A few toxins—including SVMP, SVSP, and VEGF toxin families (Fig 6A–C)—were regularly found outside of the nontoxin’s \(95^{th}\) percentile distribution in our selection analyses. These toxin families have a wide variety of biological functions; however, they might be most closely associated with hemorrhagic effects in their prey (Fox and Serrano 2005; Yamazaki et al. 2009; Jones et al. 2022). Cerrophidion godmani has a hemorrhagic venom (Jones et al. 2022), which suggests that these few toxins have key functions in prey acquisition by causing massive tissue degradation and internal bleeding.

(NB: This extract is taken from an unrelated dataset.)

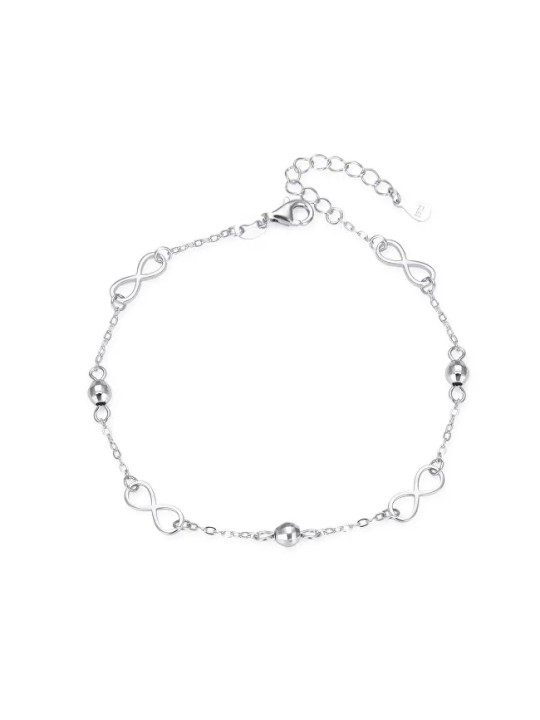 Agato Elegante bracciale in argento Infinity AGB765/21 donna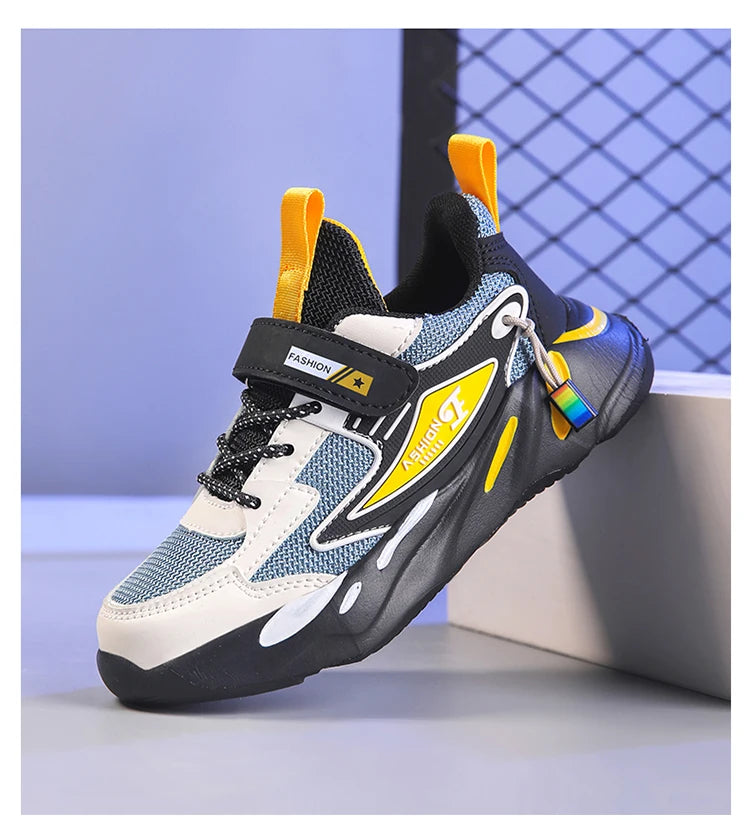 Children Boys Mesh Sports Running Shoes Breathable Non-slip For Girls Casual Running Walking Kid's Sneakers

Expression is not correlated with signals of selection on toxin genes. We found a nonsignificant trend of increasing values of Tajima’s D, \(F_{ST}\) and LRT with higher average expression in the toxins of the venom. This trend suggests that highly expressed toxins are evolving by balancing selection and toxins with low expression have more signals of positive selection. This pattern contrasts with what was found for Crotalus cerastes, where the lower expressed toxins are evolving by balancing selection (Rautsaw et al. 2019). Although expression does not correlate with the signals of sequence selection there is clear expression differentiation between populations in C. godmani given the number of genes that show differential expression (Fig. 5), which might indicate that selection in the venom is acting on levels of expression instead of on sequence evolution.

Conclusions

We found evidence of venom variation between and within species: Cerrophidion petlalcalensis has a homogeneous venom, with little variation between individuals; C. godmani and C. tzotzilorum showed intraspecific variation in the toxins present and in the expression of individual toxins. This variation was observed between geographic populations, as well as by body size, suggesting possible ontogenetic shifts in the venom composition. Overall, sequence variation in toxins and nontoxins in C. godmani was not significantly different across multiple tests for selection. Instead, the evolution of toxin genes seems to be driven by mutation–drift equilibrium with no relationship to toxin expression. The presence of myotoxic PLA\(_2\)s gK seems to be widespread in most Cerrophidion species, except C. petlalcalensis. Additionally, acidic and basic subunits of homologous crotoxin-like PLA\(_2\)s were discovered in one specimen of C. godmani, which suggests that this species might have the heterodimeric crotoxin-like neurotoxin. These PLA\(_2\)s were found in a single, southern population individual, which suggests there is intraspecific variation for the presence of this trait as observed in other pitviper genera such as Crotalus. Overall, our combined results support the hypothesis that drift is potentially the key evolutionary force shaping sequence evolution in highland pitviper species.

Materials and Methods

Sample Collection

We collected six specimens of C. godmani from two populations in Mexico: two from the Central Highlands of Chiapas (Las Margaritas), and four from the Sierra Madre de Chiapas, close to the border with Guatemala (Union Juarez); four specimens of C. tzotzilorum from two populations in the Central Highlands of Chiapas, Mexico (Rayon Mescapala and San Cristobal de las Casas); three specimens of C. petlalcalensis from San Andres Tenejapa (Veracruz, Mexico); and one specimen of C. sasai from Las Nubes Coronado, San Jose, Costa Rica (Fig. 1, Table 1). We extracted venom from the individuals by allowing the snakes to bite a sterile cup covered with parafilm. Four days after the venom extraction, we euthanized the snakes with an injection of sodium pentobarbital (100 \(\frac{mg}{kg}\)) and excised the venom glands in order to maximize mRNA transcription (Rotenberg et al. 1971). We preserved the glands in RNAlater at \(4^{\circ }\)C, then moved the glands to permanent storage at \(-80^{\circ }\)C. All protocols involving live snakes followed ASIH guidelines and were approved by the Clemson University Animal Care and Use Committee (Animal Use Protocol 2017-067).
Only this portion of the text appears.